ROANOKE TIMES

                         Roanoke Times
                 Copyright (c) 1995, Landmark Communications, Inc.

DATE: MONDAY, May 15, 1995                   TAG: 9505170014
SECTION: SPORTS                    PAGE: B-6   EDITION: METRO 
SOURCE: BILL COCHRAN OUTDOOR EDITOR
DATELINE:                                 LENGTH: Medium


`GOOD OLD DAYS' RETURN FOR STRIPER ANGLERS

Capt. Billy Pipkin is a member of the new breed of Chesapeake Bay charter boat skippers building a reputation and bank account on saltwater striped bass fishing.

``Last fall, I spent 40 days straight going to the exact same spot and we caught between 50 and 200 fish every day,'' Pipkin said.

What makes this so spectacular? In the late '70s and early '80s people were wondering if the striped bass in the bay, and elsewhere along the coast, would go the way of the passenger pigeon.

Brood stocks dropped to an alarming low. The blame fell on everything from acid rain to overfishing, from a natural down cycle to increased predation from bluefish.

Things got so bad the Salt Water Sportsman magazine carried a notice that it no longer would publish how-to-catch stories on stripers, or rockfish as many coastal anglers call them.

Now how tos are being preached to a new generation of anglers eager to take advantage of the swelling numbers of stripers in the bay. The fishing has returned to the point that Virginia has gone from no season a half-dozen years ago to a 32-day season last year to a 107-day season this year.

This time, the season will cover May and June fishing, as well as an expansion of the fall season that has been open the past five years.

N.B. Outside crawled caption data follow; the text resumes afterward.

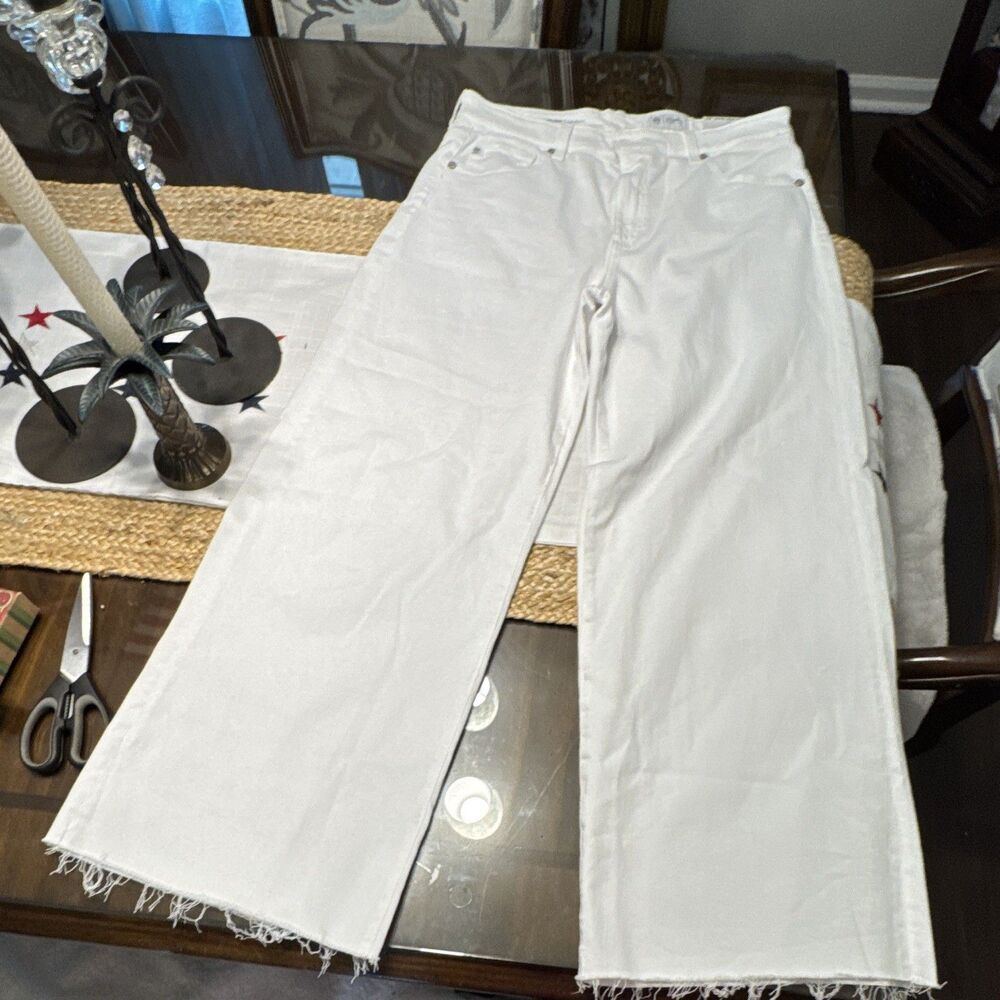 AG Adriano Goldschmied White Wide-Leg Skinny Jeans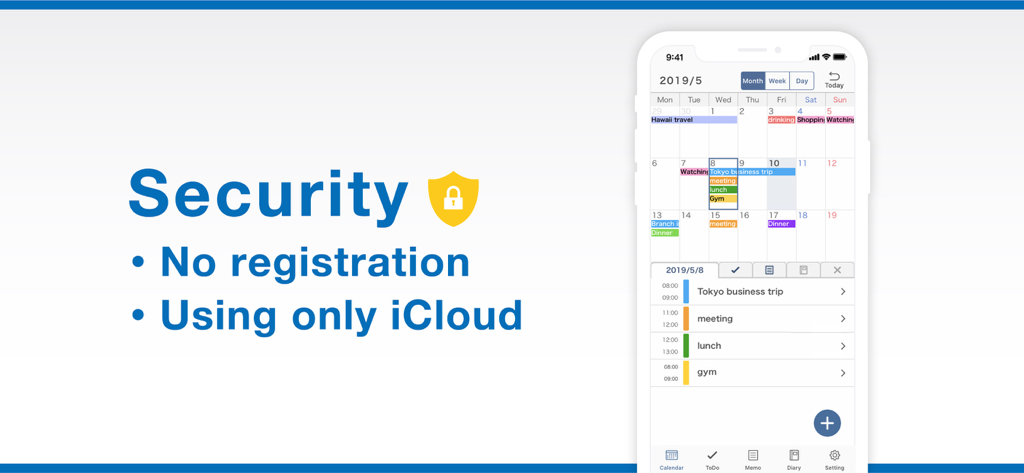 Smart Planner security features screen showing no registration and iCloud sync highlights with a calendar mockup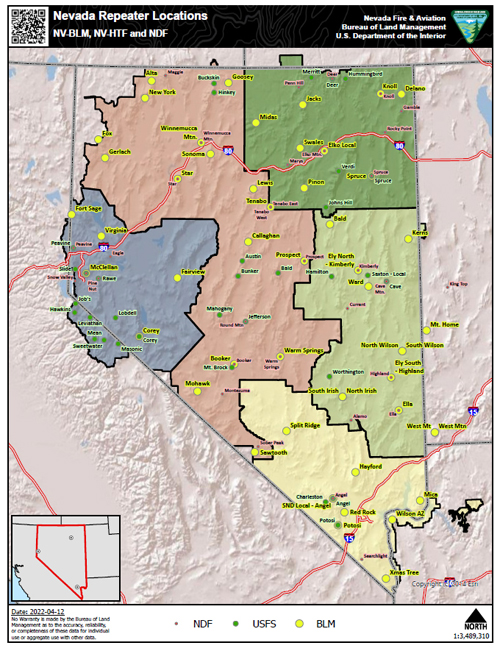 Nevada Repeater map graphic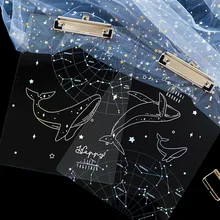 А4, звездное небо, прозрачный буфер обмена, блокнот, папка для документов, держатель для документов, школьные канцелярские принадлежности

``Allocations may also go up next year and the year after,'' said Lewis Gillingham of the Virginia Marine Resources Commission. ``We have had four years of excellent recruitment.''

The bulk of the early fishing will begin Tuesday and continue through June 14, when the season will be open in the Chesapeake Bay and its tributaries, with the exception of the Potomac River, where the season is May 20-June 4. The season will have a two-fish limit with an 18-inch minimum and 28-inch maximum size requirement.

A trophy season, which began May 1, ends today. It affords fishermen the opportunity to keep one fish that is 32 or more inches in length.

Several 40-inch-plus fish have been landed, but the big interest is expected during the seasn from mid-May to mid-June. That's also the time schools of stripers are expected to move down the bay from their upstream spawning grounds.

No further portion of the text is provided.